Directed Edge's recommendation engine is built on top of our in-house database. The database works somewhat differently than traditional databases and its interface is our REST API, so it's useful before getting started to have a feel for how to go about translating things from the way that your site models data to the way that our database works.
Everything is an item, or A brief introduction to schema-less databases
Users, products, places, web pages — they're all items for us.
Really? Yep. Above are a couple of examples of things that could be items in our database.
Items have an identifier (user_1 and product_1 in the example above). That can't be changed once it's imported to the database. It's the handle that we use to grab a hold of things later on. These must be unique. Otherwise the database doesn't know how to tell two items apart. You can use any scheme that you like to encode these. Most people just use something like the type of the object (product, for example) and then the numeric ID that's stored in their SQL database, but you could also use the URL to a page here or anything else that makes sense for your data.
Items can also have a collection of text tags. These are useful in filtering results later on. If you, for instance, wanted to find all of the books that are recommended for a certain user, it'd be useful to have some items tagged as book. You can also give an item as many tags as you want, so it's no problem to have product, book and sci-fi all associated with the same item.
Note however, that tags are just ways that we can label items; they're not actively used in finding similar items.
Properties are almost as simple. They're just a bunch of key-value pairs that are associated with a given item. Unlike in a traditional database where you'd have a schema for your users table, another one for your products table and another one for ... well, whatever else you wanted to store, properties in the Directed Edge database are completely ad-hoc.
Just to get the gears turning in your head, examples of things that can be stored in properties are: price, address, first name, last name, author, etc. Pretty much all of the standard fare that would go into a database column.
If you've got some products that have a property named price and some that don't, that's just fine with us.
At the moment properties aren't used at all by the recommendations algorithms, but we may add support for doing that later.
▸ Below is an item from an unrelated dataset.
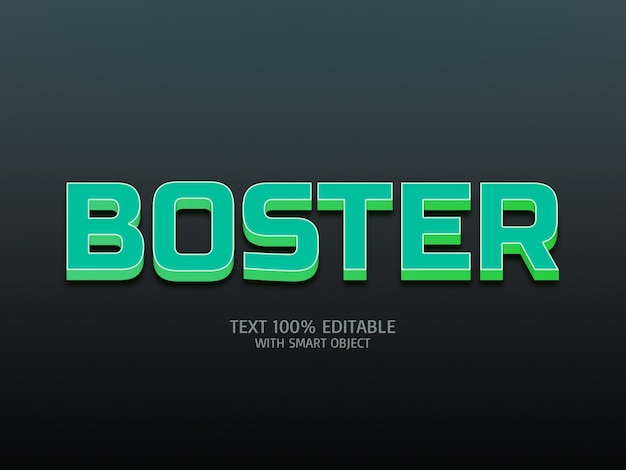 Download 3d text style effect mock up premium psd | Premium PSD File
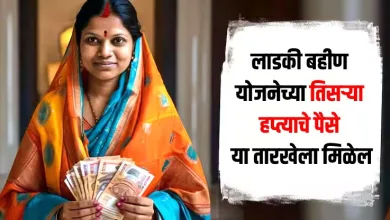 लाडकी बहीण योजनेच्या तिसऱ्या हप्त्याचे पैसे 'या' तारखेला मिळेल, सरकारकडून तारीख जाहीर 6 ladki bahin yojna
For now they're just a convenient way of keeping tabs on the information that is being recommended.
Links, or the way you connect stuff
So, we're huge graph theory wonks. No, no, not like Excel. Like webs of information.
In computer science lingo, a graph is just a sets of connections between items. Those connections are called edges and the items are called nodes. All sorts of things can be modeled in graphs, like the way that web pages are connected to each other (there the links between pages are edges), or as above, a set of friends in a social network.
Let's make this really easy just to be clear: a graph is just a collection of connected stuff.
Here's an example of the two items from above connected via an edge. This would indicate, for instance, that the user had bought that product.
An edge is just the math term for what we call a link. They're the connections.
Every object in the Directed Edge database is an item; the relationships between them are links.
- A user (item) purchases a product (item), so we make a link from the user to the product.
- A user (item) gives a rating of 5 to a product (item), so we create a link between the user and the product with a weight of 5.
- A user (item) clicks on a product category (item), so we make a link from the user to the category page.
- A user (item) is friends with another user (item), so we make a link from the user to the other user.
- A user (item) is a fan of a band (item), so we make a link from the user to the band.
- A web page (item) is connected to another web page (item), so we make a link from the first page to the second page (just mimicking the HTML link structure).
So when getting up and going with the Directed Edge system, you have to decide which bits of information you want to base the recommendations on.
You notice up there that those arrows aren't bi-directional? They don't have a pointy thing on both sides? Well, guess where the name of our company comes from: those are directed edges. In graph theory you can have undirected edges and directed edges. All that directed means here is that they have a direction. A connection from A to B is not the same as a connection from B to A. One says, Bob is a friend of Sarah and another implies Sarah is a friend of Bob.
Web page A can link to web page B without implying that web page B also links back to web page A. That link is a directed edge.
It's the same kind of deal when a user buys a product. We usually want to represent a user bought a product rather than implying that the product has some sort of fundamental connection with the user (though it might, for instance, if the user was also the author of it).
The only typical use case where this matters in using the API is that if you have friends in a social network, and the friendships are reciprocal (like Facebook) rather than possibly uni-directional (like Twitter), you have to put two links in there to convey the friendship.
We've also introduced the notion of typed links. Typed links specify something like:
- The relationship between this customer and this product is purchase.
Link types can be mixed and matched at query time. So if you're asking for related products you can ask for a mix of recommendations based 80% on purchases and 20% on common tags by saying that you'd like 0.8 of the purchase link type and 0.2 of the tag link type.
You can create whatever link types seem appropriate for your site's data.